INPUT FOR THIS TASK =
*** Begin section ***
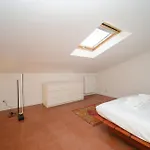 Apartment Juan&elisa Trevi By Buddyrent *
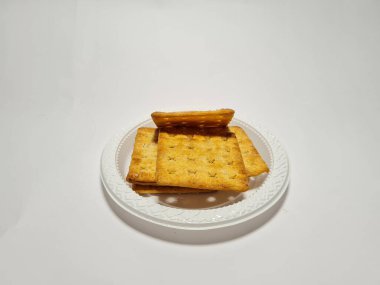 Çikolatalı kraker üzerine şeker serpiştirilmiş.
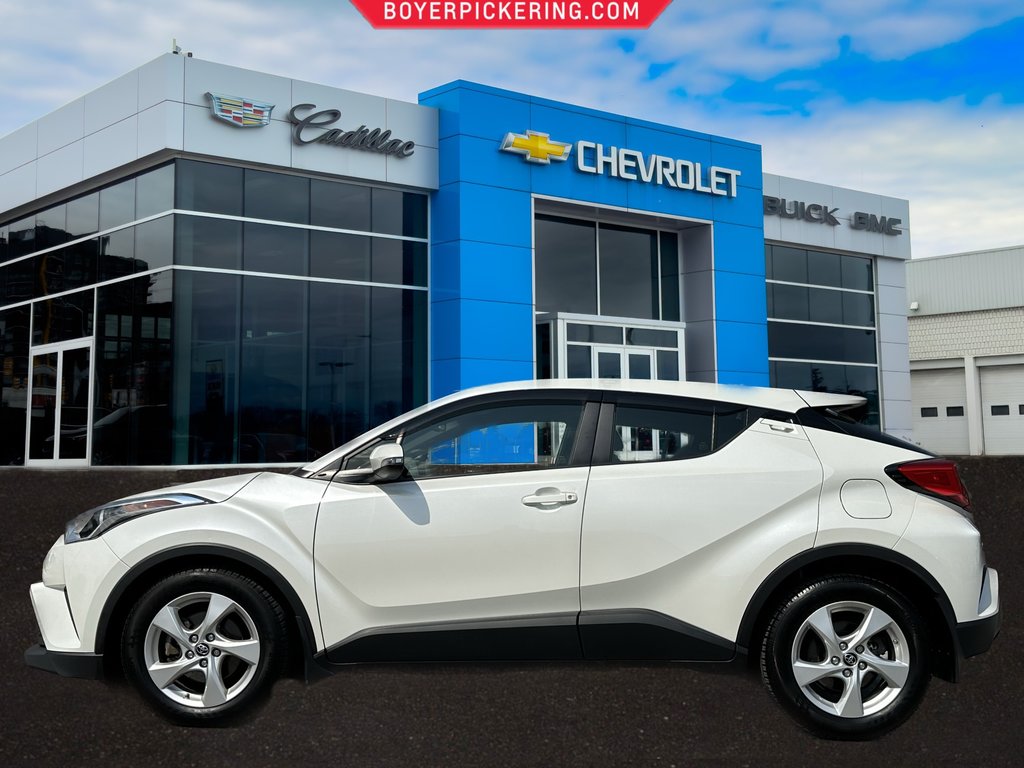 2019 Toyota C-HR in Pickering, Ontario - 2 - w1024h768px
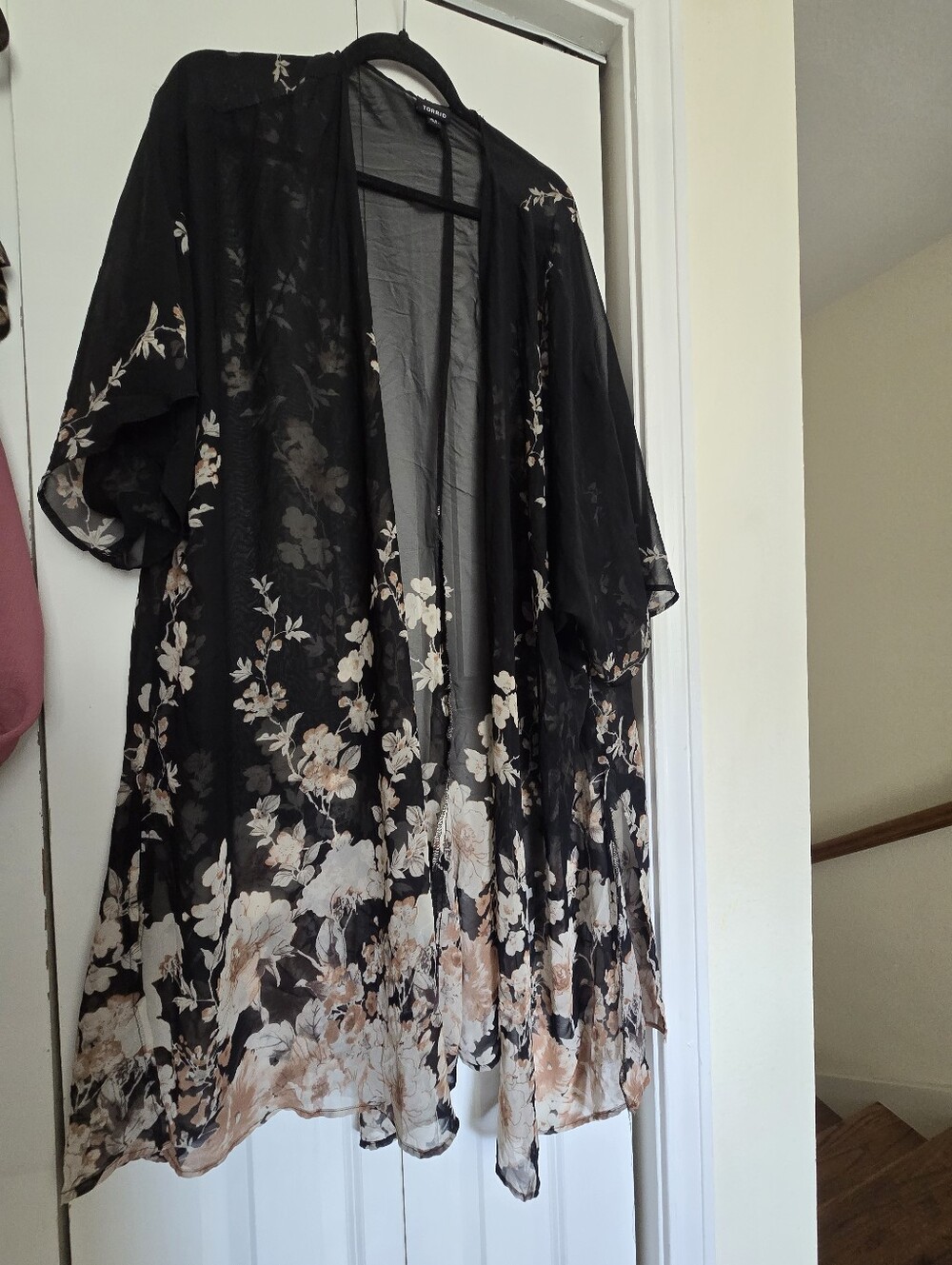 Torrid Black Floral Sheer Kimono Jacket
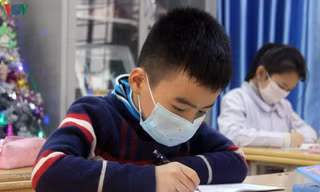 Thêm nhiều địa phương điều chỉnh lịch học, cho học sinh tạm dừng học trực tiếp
*** End section ***
*** Begin section ***
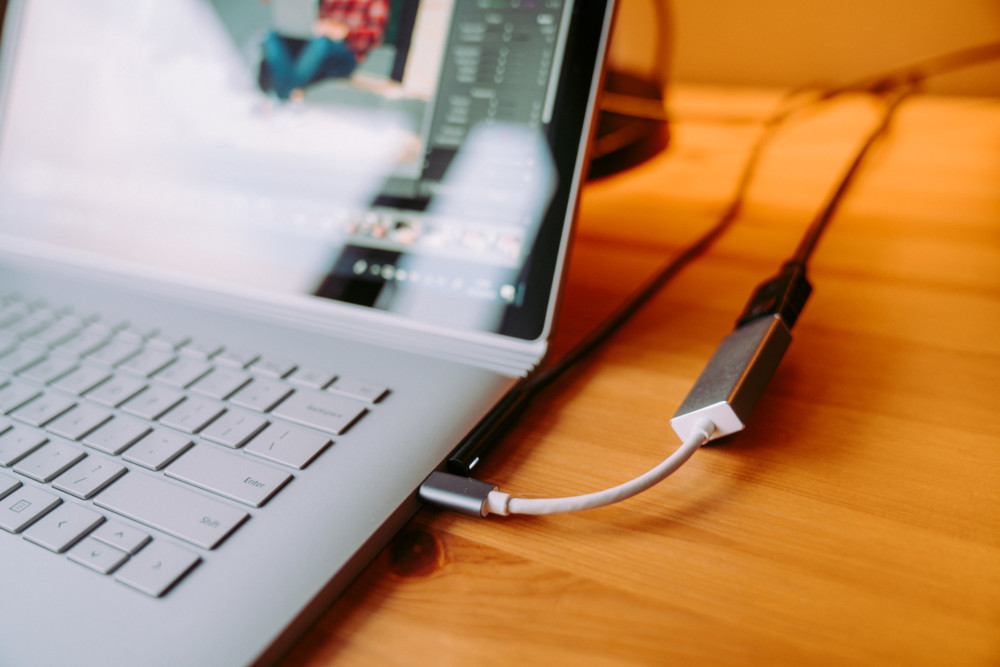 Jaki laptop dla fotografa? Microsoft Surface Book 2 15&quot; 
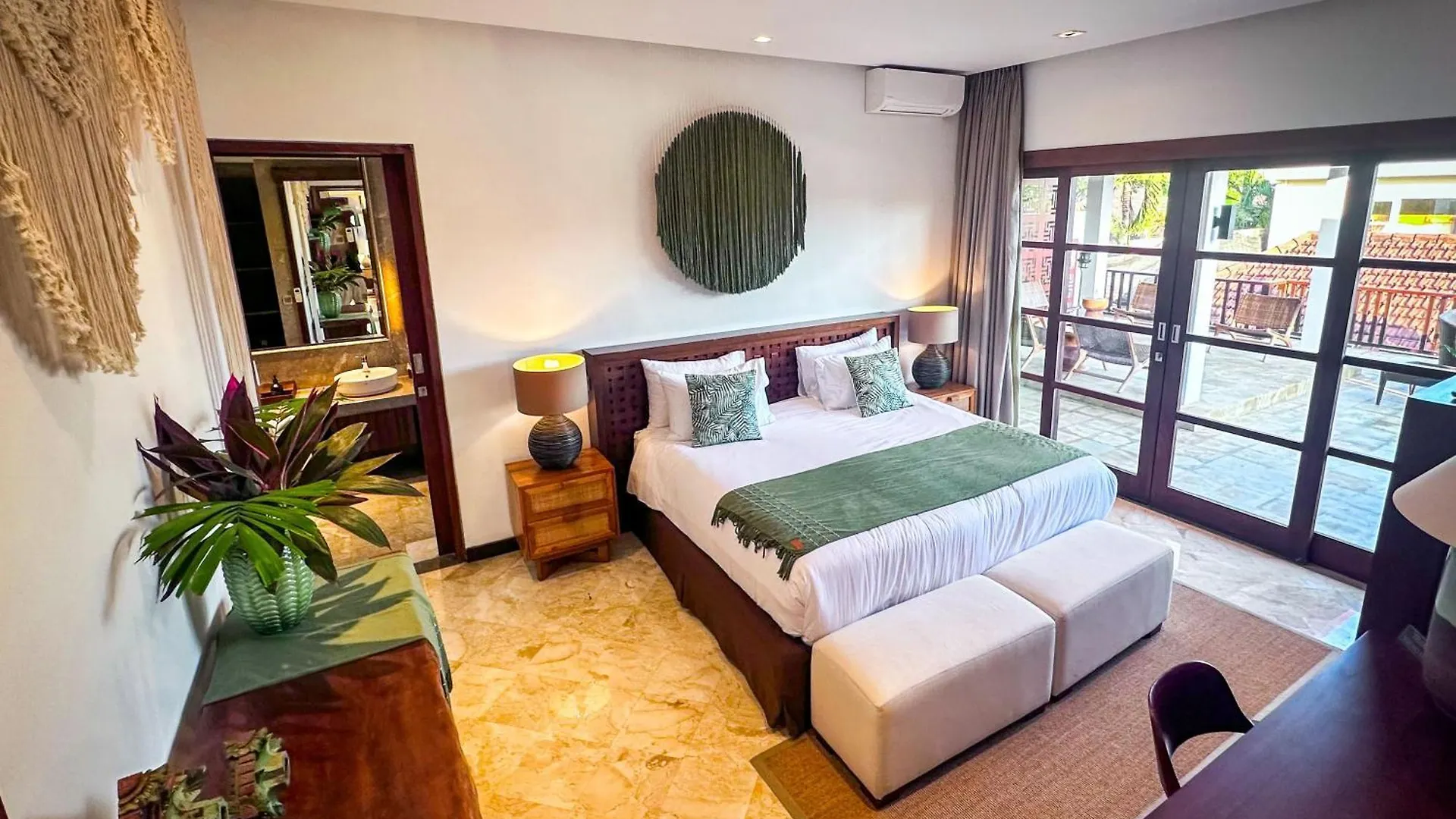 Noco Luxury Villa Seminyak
*** End section ***
AIM OF THE TASK =
Range to print from the listing above: from the line with "Jaki laptop dla" up to and including the line with "Noco Luxury Villa Seminyak". Please print those lines exactly, with no pictures and nothing more.

RESPONSE BOX =
 Jaki laptop dla fotografa? Microsoft Surface Book 2 15&quot; 
 Noco Luxury Villa Seminyak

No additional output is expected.